Aladin El-Mafaalani, 1978 im Ruhrgebiet geboren, ist Professor für Migrations- und Bildungssoziologie an der TU Dormund. Nach dem Studium war er Lehrer am Berufskolleg Ahlen, dann Professor für Politikwissenschaft an der Fachhochschule Münster und später Abteilungsleiter im nordrhein-westfälischen Ministerium für Kinder, Familie, Flüchtlinge und Integration in Düsseldorf. Er studierte an der Ruhr-Universität Bochum Politikwissenschaft, Wirtschaftswissenschaft, Pädagogik und Arbeitswissenschaft und wurde dort in Soziologie promoviert. Er erhielt zahlreiche Auszeichnungen, zuletzt 2020 den Preis der Deutschen Gesellschaft für Soziologie für herausragende Leistungen auf dem Gebiet der öffentlichen Wirksamkeit der Soziologie.

2. Humankapitalismus: Bildung als Ware und Währung


Bildung als Ware und Währung zu betrachten – das würden viele Menschen intuitiv ablehnen. Aber bereits Anfang der 1980er-Jahre hat der Soziologe Pierre Bourdieu genau hierzu eine Theorie entwickelt.[3] Es handelt sich also keineswegs um eine neue Sichtweise oder einen aktuellen Trend.

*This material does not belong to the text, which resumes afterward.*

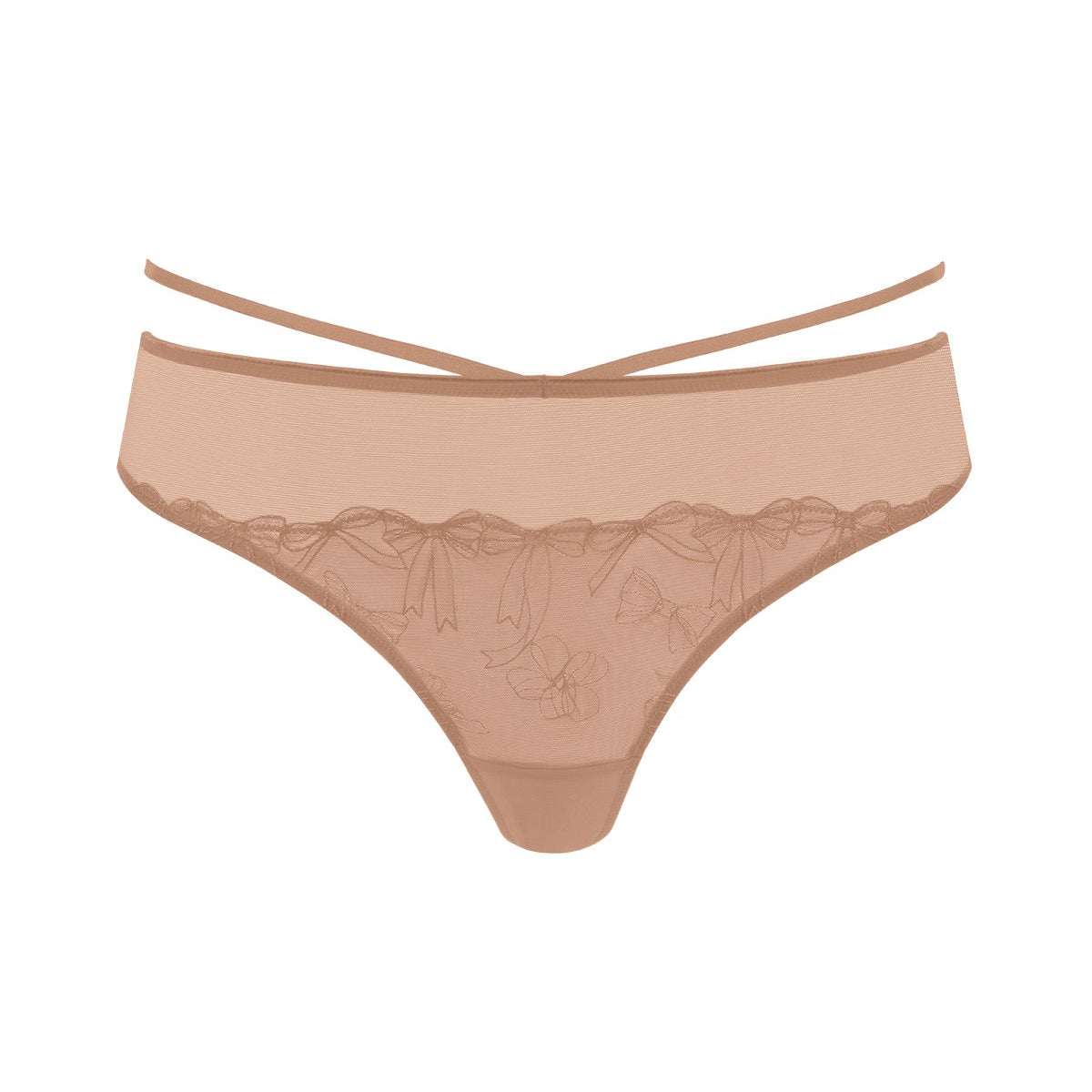 HSIA Renna Holiday Embroidered Red Mesh Thong Underwear - HSIA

Das Kapital als rein ökonomische Ressource (Einkommen und Vermögen) zu begreifen, wie es noch bei Karl Marx definiert war, wird laut Bourdieu den vielfältigen wechselseitigen Austauschprozessen innerhalb einer Gesellschaft nicht mehr gerecht. Entsprechend definiert er Kapital als gesellschaftlich relevante Ressourcen, die imstande sind, die Stellung eines Menschen innerhalb der Hierarchie einer Gesellschaft zu bestimmen, zu erhalten oder zu verändern. Neben dem ökonomischen Kapital nennt er zwei weitere Sorten von Kapital, die vom Prinzip her gleichwertig sind: kulturelles Kapital (Bildung) und soziales Kapital (Netzwerke). Sie sind deshalb Kapital, weil sie gleichermaßen nützlich sein können. Und sie sind grundsätzlich gleichwertig, weil sie austauschbar sind, also die Funktion einer Währung haben können. Aber der Reihe nach …

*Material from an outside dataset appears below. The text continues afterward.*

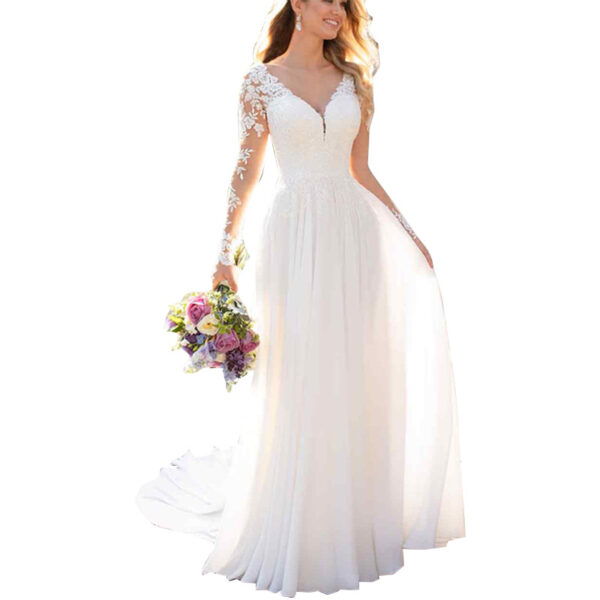 Sexy Backless Deep V-neck Wedding Dress Women White Evening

Das klassische ökonomische Kapital garantiert nach wie vor die Sicherung des Lebensstandards und eine gewisse Unabhängigkeit. Allerdings reicht es allein nicht mehr aus, um gesellschaftliche Macht auszuüben oder bestimmte Positionen einzunehmen. So öffnet beispielsweise ein großer Lottogewinn keineswegs die Türen in die gehobenen Kreise oder in bestimmte Machtsphären. Zudem wissen wir heute, dass ein Lottogewinn bei zuvor ärmeren Menschen häufig nicht nachhaltig zu Wohlstand führt. Vielmehr sind es auch neue beziehungsweise wichtiger gewordene immaterielle Ressourcen, die die soziale Stellung mitbestimmen.

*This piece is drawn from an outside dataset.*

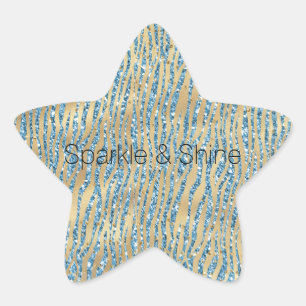 Turquoise Aqua Glitter Gold Sparkle Zebra Print Star Sticker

Das kulturelle Kapital könnte auch als Bildungskapital bezeichnet werden. Es drückt sich nach Bourdieu in Objekten (objektiviertes kulturelles Kapital), in Körper und Geist (inkorporiertes kulturelles Kapital) sowie in institutionalisierter Form (institutionelles kulturelles Kapital) aus. Objektiviertes kulturelles Kapital ist dabei am engsten an Geld gebunden. Hierzu zählt insbesondere der Besitz von Kunstgegenständen (beispielsweise ein Gemälde), Kulturgütern (beispielsweise Bücher) und Kulturwerkzeugen (beispielsweise ein Klavier), die zwar materielle Objekte sind, aber deren Wert vordergründig immaterieller Natur ist – die also auf gewisse Weise Bildung beziehungsweise Gebildetsein vorführen. Und mal ehrlich: Wenn wir jemanden zu Hause besuchen und im Wohnzimmer ein wohlplatziertes Kunstgemälde, Hunderte Bücher im Regal und einen Flügel sehen, steht für uns schon (fast) fest: Dieser Mensch ist gebildet.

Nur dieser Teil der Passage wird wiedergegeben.